Quick Start

What can LBANN do?

The Livermore Big Artificial Neural Network toolkit (LBANN) is an HPC-centric deep learning training framework that works across multiple levels of parallelism. LBANN is capable of taking advantage of HPC hardware to accelerate the training of deep learning models on massive datasets.

Installing LBANN

LBANN supports installation through Spack and CMake. We recommend using the Spack installation instructions below. If the Spack install fails, try using the CMake install.

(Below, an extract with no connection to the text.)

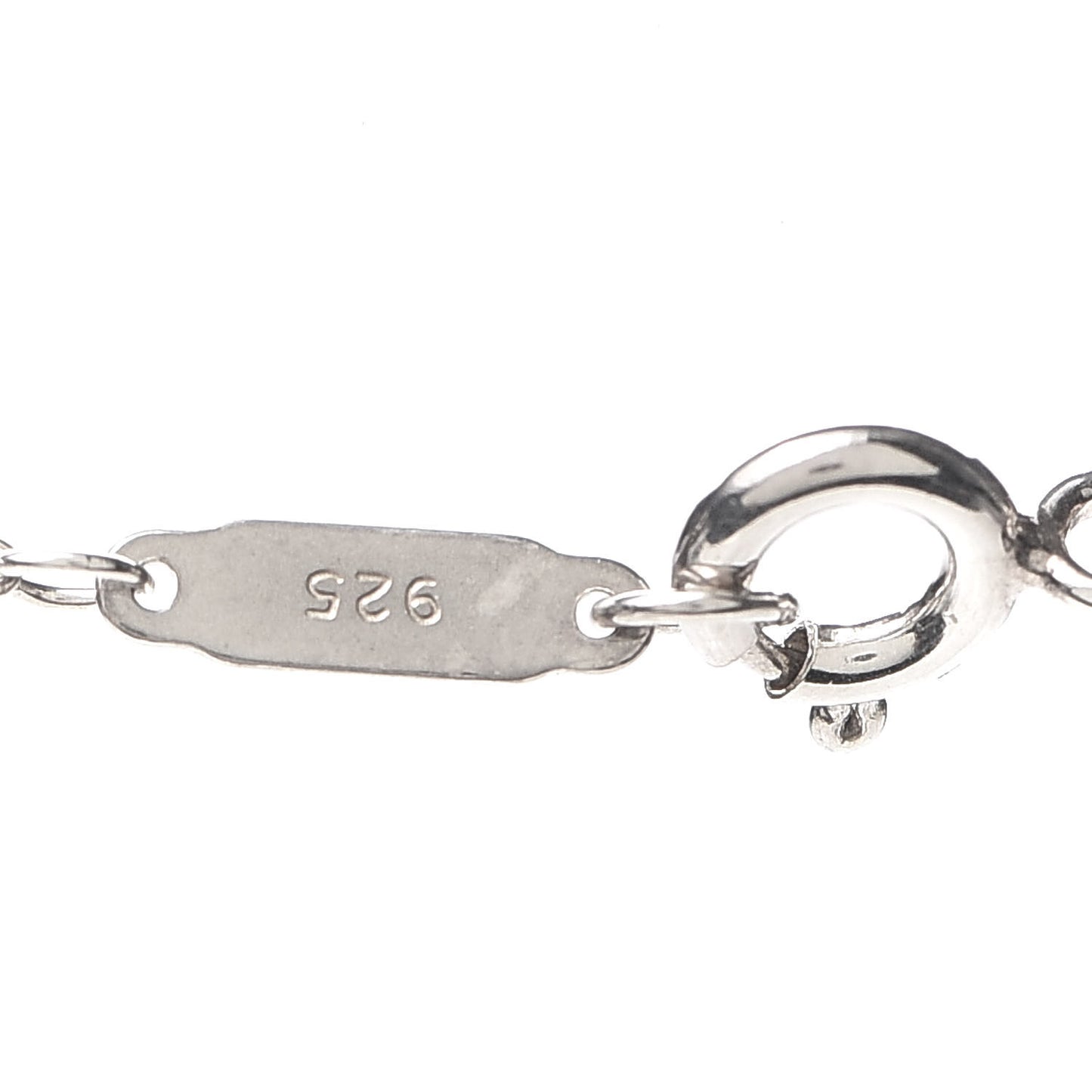 Sterling Silver Letters Lariat Necklace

  1. Download and install Spack. Enable the additional Spack commands for module files described here:

    source ${SPACK_ROOT}/share/spack/setup-env.sh
    
  2. Users that are familiar with Spack and already have a custom Spack ecosystem can install LBANN with:

    spack install lbann <customization options>
    

    A complete list of LBANN install options can be found with:

    spack info lbann
    

    For users new to Spack, LBANN provides a script that will perform some basic configuration (e.g., add paths to externally installed packages) and install LBANN in a Spack environment. This script is only tested and maintained for systems at LLNL, NERSC, and ORNL. If you are not running on a system at one of these institutions, you may try the Spack install above or the :ref:`CMake install <build-with-cmake>`. To use this installation script, clone the repository and run the script:

    git clone https://github.com/llnl/lbann
    cd ./lbann
    ./scripts/build_lbann.sh -d -- +cuda +half
    

    View other options available by passing the -h option to the script.

Note

It is recommended that your Spack environment take advantage of locally installed tools. Unless your Spack environment is explicitly told about tools such as CMake, Python, MPI, etc., it will install everything that LBANN and all of its dependencies require. This can take quite a long time but only has to be done once for a given spack repository. Once all of the standard tools are installed, rebuilding LBANN with Spack is quite fast.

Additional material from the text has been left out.